Going line by line through the records below, write out everything starting with the line containing "Stripe Tampo- 1" and going on through the line containing "꽃 하늘색 두마리 일러스트", exactly and inclusively. Pictures do not go in.

[[ MATERIAL TO PROCESS open ]]

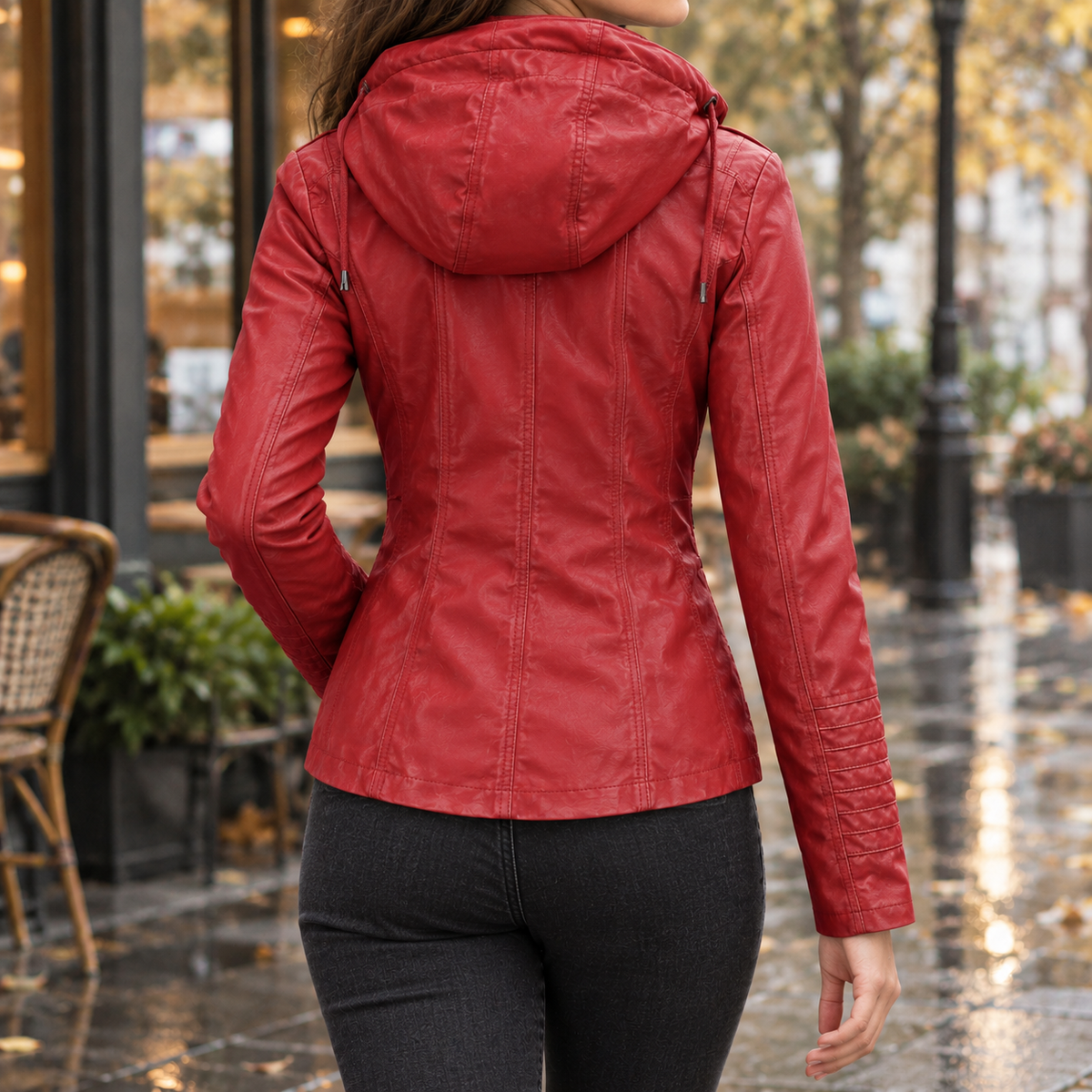 Womens faux leather hooded jacket - Date Red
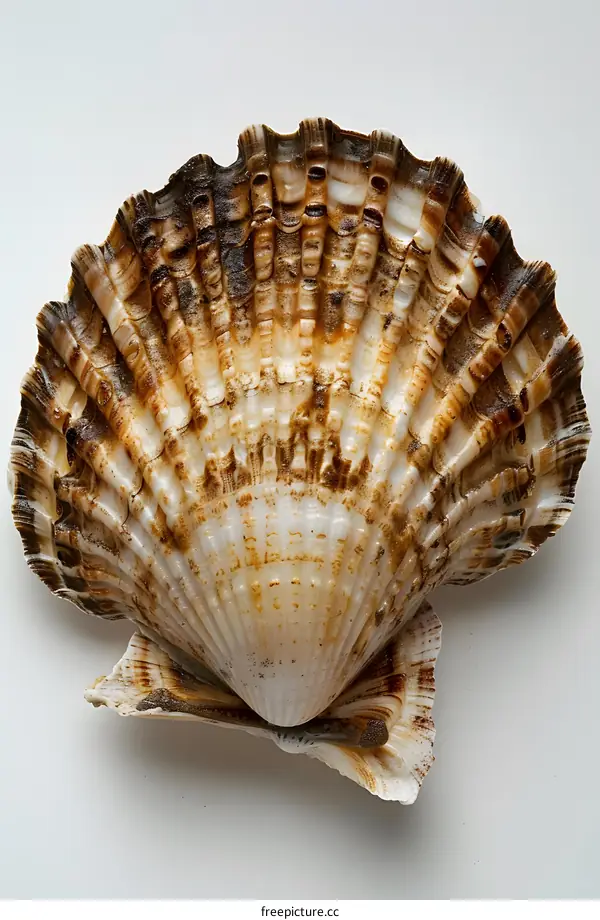 Scallop Shell on White Background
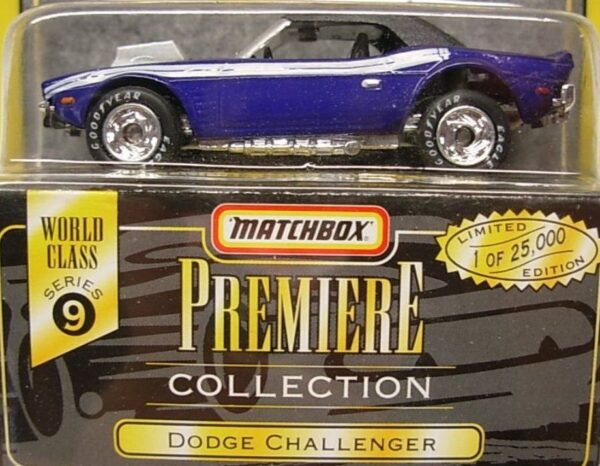 Dodge Challenger “Purple w/Side Stripe Tampo- 1 of 25,000”! (Matchbox “Premiere World Class” Limited Edition Collection Series-9) “Rare-Vintage” (1997) 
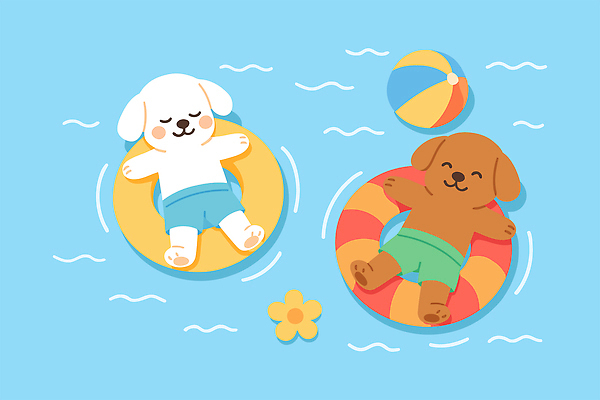 꽃 하늘색 두마리 일러스트 미소 사람없음 여름휴가 바캉스 눕기 귀여움 눈감음 떠있는 비치볼 즐거움 힐링 개캐릭터 튜브 국내일러스트 AI파일 식물 감정 동물캐릭터 컨셉 2 공 모션 휴가 바캉스용품 표정 파란색 개 파일형식 벡터 여름_계절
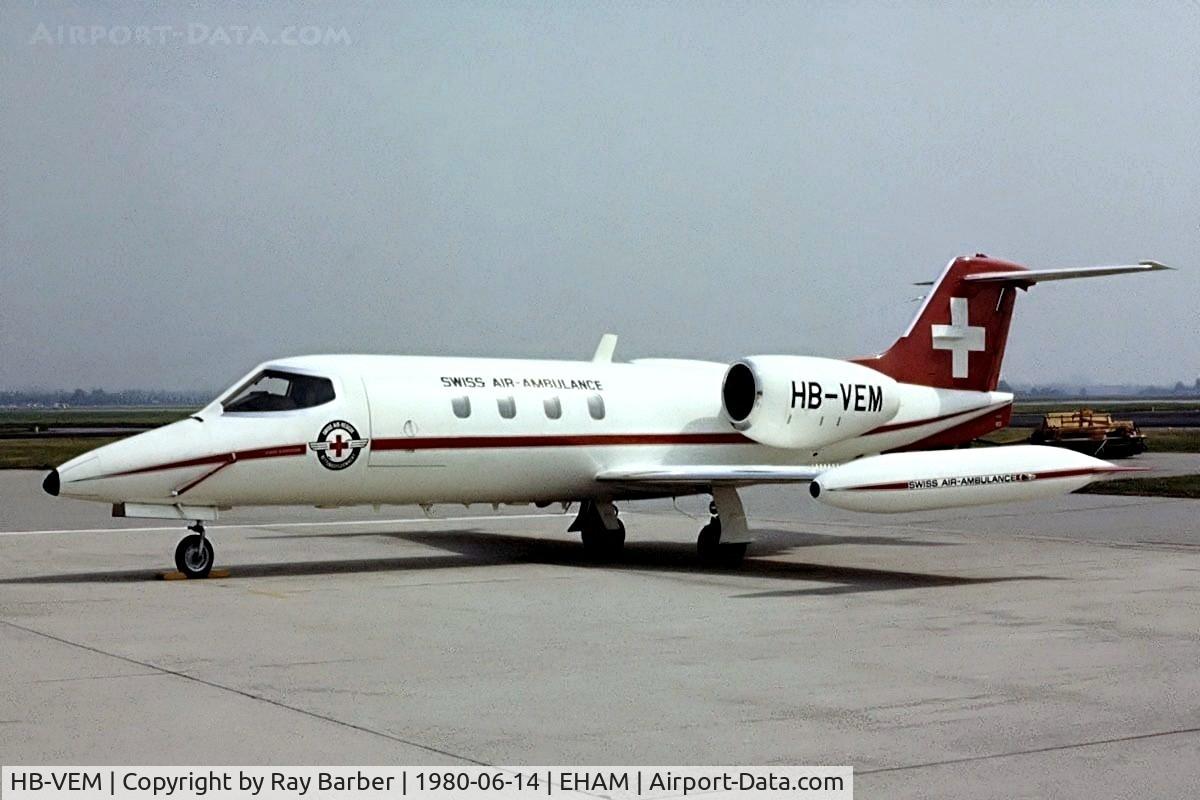 HB-VEM, 1976 Learjet 35A C/N 35A-068, Learjet 35A [35A-068] (Swiss Air Ambulance) Amsterdam - Schiphol~PH 14/06/1980. Image taken from a slide.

[[ MATERIAL TO PROCESS closed ]]

● **PROBLEM SOLUTION**:
 Dodge Challenger “Purple w/Side Stripe Tampo- 1 of 25,000”! (Matchbox “Premiere World Class” Limited Edition Collection Series-9) “Rare-Vintage” (1997) 
 꽃 하늘색 두마리 일러스트 미소 사람없음 여름휴가 바캉스 눕기 귀여움 눈감음 떠있는 비치볼 즐거움 힐링 개캐릭터 튜브 국내일러스트 AI파일 식물 감정 동물캐릭터 컨셉 2 공 모션 휴가 바캉스용품 표정 파란색 개 파일형식 벡터 여름_계절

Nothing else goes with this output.